The Normal Doctor looked up at her in confusion from his spot by the main console. “What do you mean, what are you supposed to call us?”
“You’re supposed to call us the Doctor, same as always. We’re still the same man as before, both of us,” added the Other Doctor, emerging from underneath the TARDIS floor. He took the mug of tea that the Normal Doctor and Rose hadn’t already claimed, which was all the proof Rose needed that the TARDIS didn’t really need any fixing; the Doctor never let himself get distracted from repairing the TARDIS for anything as simple as tea - tea and biscuits and a couple of pieces of banana bread, maybe, but not just tea.

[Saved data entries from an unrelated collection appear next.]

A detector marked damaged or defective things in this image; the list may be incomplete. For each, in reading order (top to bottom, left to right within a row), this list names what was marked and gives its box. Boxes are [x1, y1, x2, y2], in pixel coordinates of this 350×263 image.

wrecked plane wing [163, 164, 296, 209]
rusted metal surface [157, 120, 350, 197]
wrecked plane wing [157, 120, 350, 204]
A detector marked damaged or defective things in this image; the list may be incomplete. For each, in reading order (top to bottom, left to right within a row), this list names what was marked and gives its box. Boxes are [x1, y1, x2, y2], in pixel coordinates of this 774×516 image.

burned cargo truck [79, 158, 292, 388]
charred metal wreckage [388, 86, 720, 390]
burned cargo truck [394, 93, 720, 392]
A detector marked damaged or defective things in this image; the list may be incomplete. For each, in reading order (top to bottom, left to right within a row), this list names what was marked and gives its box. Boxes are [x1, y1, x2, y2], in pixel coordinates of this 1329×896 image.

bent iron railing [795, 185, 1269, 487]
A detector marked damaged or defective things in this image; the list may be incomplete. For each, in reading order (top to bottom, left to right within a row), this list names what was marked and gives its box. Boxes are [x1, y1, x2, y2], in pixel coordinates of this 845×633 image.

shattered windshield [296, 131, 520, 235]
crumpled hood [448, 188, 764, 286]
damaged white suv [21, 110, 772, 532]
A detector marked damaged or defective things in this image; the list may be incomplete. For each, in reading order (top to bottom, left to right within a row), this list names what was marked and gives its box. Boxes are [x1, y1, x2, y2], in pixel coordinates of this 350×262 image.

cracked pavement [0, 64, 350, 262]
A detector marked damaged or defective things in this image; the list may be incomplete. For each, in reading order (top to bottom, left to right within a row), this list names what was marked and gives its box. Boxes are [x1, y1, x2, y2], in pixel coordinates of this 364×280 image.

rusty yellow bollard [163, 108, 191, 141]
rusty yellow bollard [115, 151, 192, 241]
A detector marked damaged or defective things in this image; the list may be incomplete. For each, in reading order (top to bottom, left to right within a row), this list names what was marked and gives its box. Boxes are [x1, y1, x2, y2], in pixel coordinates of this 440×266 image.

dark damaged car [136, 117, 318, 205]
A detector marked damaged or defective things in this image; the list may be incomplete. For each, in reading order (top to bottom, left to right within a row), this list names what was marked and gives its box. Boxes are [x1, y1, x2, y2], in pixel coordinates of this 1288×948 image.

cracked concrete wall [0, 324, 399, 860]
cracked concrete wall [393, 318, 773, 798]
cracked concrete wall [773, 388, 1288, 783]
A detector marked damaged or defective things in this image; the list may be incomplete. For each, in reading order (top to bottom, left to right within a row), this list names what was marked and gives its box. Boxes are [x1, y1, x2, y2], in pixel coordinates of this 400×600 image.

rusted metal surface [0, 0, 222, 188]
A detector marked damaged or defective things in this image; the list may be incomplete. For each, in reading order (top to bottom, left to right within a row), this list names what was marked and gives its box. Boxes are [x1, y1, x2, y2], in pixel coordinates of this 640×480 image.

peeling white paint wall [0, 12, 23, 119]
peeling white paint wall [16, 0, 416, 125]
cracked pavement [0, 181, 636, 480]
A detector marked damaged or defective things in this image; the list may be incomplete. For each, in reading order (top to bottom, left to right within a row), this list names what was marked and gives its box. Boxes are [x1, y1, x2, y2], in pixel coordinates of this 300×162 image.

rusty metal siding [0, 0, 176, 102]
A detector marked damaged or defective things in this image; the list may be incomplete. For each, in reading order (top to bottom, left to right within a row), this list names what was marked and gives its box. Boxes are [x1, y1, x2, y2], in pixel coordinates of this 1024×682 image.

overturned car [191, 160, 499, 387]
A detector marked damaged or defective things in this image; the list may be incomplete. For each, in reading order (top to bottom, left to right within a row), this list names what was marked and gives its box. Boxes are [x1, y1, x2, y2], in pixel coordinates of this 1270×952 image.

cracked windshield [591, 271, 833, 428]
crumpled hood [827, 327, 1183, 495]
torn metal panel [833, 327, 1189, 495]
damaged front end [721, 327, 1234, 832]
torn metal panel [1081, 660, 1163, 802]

“I know,” Rose said. And, besides her habit of calling them ‘the Normal Doctor’ and ‘the Other Doctor’ in her head, she did get that now. “But what if I need to talk to just one of you? You both need a middle name or something. You’re the same, but that doesn’t mean you’re interchangeable.” Rose frowned a little to herself. That had made sense in her head, but she wasn’t so sure it did out loud. But then the Doctors looked at her with that familiar and much missed mix of surprise and adoration (plus a little bit of hope on the Other Doctor’s part, which meant sensible or not, she was right at least), some maybe they had understood her after all.
“An excellent point,” said the Normal Doctor. “But what should we call ourselves? The Time Lord Doctor and the Human Doctor seem like the obvious choice.”
“Seem like it, but they’re grossly inaccurate,” said the Human Doctor. “Better would be the fully Time Lord Doctor and the Time Lord-Human Meta-Crisis Doctor.”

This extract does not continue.